Intersection of a hyperbola with an ellipse, cool
2 x^2 - 5 y^2 = 1
2 x^2 + 10y^2 = 136
--------------------subtract
-15 y^2 = -135
y^2 = 9 so y = +/-3
x^2 = 68-45 = 23 so x = +/-sqrt(23)
(sqrt 23 , 3)
(sqrt 23 , -3)
(-sqrt 23 , 3 )
(-sqrt 23 , -3)
How about just adding them as they sit
3x^2 = 69
x^2 = 23
x = ±√23
plug x^2 = 23 back into the 2nd
23 + 5y^2 = 68
5y^2 = 45
y^2 = 9
y = ±3
so 4 solutions:
(√23,3) , (√23, -3) , (-√23 , 3) , and (-√23 , -3)
To solve the system algebraically, we can use the method of substitution.
Step 1: Solve one equation for one variable in terms of the other variable. Let's solve the second equation for x^2:
x^2 = 68 - 5y^2
Step 2: Substitute the value of x^2 from the second equation into the first equation:
2(68 - 5y^2) - 5y^2 = 1
Step 3: Simplify and solve for y:
136 - 10y^2 - 5y^2 = 1
-15y^2 = -135
y^2 = 9
y = ±3
Step 4: Substitute the values of y back into the equation obtained in step 1 to find the corresponding values of x:
For y = 3:
x^2 = 68 - 5(3)^2
x^2 = 68 - 45
x^2 = 23
x = ±√23
For y = -3:
x^2 = 68 - 5(-3)^2
x^2 = 68 - 45
x^2 = 23
x = ±√23
Therefore, the solutions to the system algebraically are:
(x, y) = (√23, 3), (-√23, 3), (√23, -3), (-√23, -3)

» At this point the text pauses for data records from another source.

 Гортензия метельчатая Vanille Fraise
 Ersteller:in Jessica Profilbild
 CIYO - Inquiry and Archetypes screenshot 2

To solve the given system of equations algebraically, we can use the method of substitution. Here's how you can do it step-by-step:
1. Start with the system of equations:
2x^2 - 5y^2 = 1 ...(Equation 1)
x^2 + 5y^2 = 68 ...(Equation 2)
2. Solve one equation for one variable. Let's solve Equation 2 for x^2:
x^2 = 68 - 5y^2
3. Substitute the expression you obtained for x^2 in Equation 1:
2(68 - 5y^2) - 5y^2 = 1
4. Simplify the equation:
136 - 10y^2 - 5y^2 = 1
136 - 15y^2 = 1
5. Rearrange the equation to isolate the variable:
-15y^2 = 1 - 136
-15y^2 = -135
6. Divide both sides of the equation by -15 to solve for y^2:
y^2 = (-135) / (-15)
y^2 = 9
7. Take the square root of both sides to solve for y:
y = ± √(9)
y = ± 3
8. Substitute the values of y back into Equation 2 to solve for x^2:
For y = 3:
x^2 + 5(3)^2 = 68
x^2 + 45 = 68
x^2 = 23
For y = -3:
x^2 + 5(-3)^2 = 68
x^2 + 45 = 68
x^2 = 23
9. Take the square root of both sides to solve for x:
x = ± √(23)
10. Therefore, the solutions to the system of equations are:
(x, y) = (± √(23), 3) and (± √(23), -3)
Note: Make sure to check the answers by substituting them into the original equations to ensure they satisfy both equations.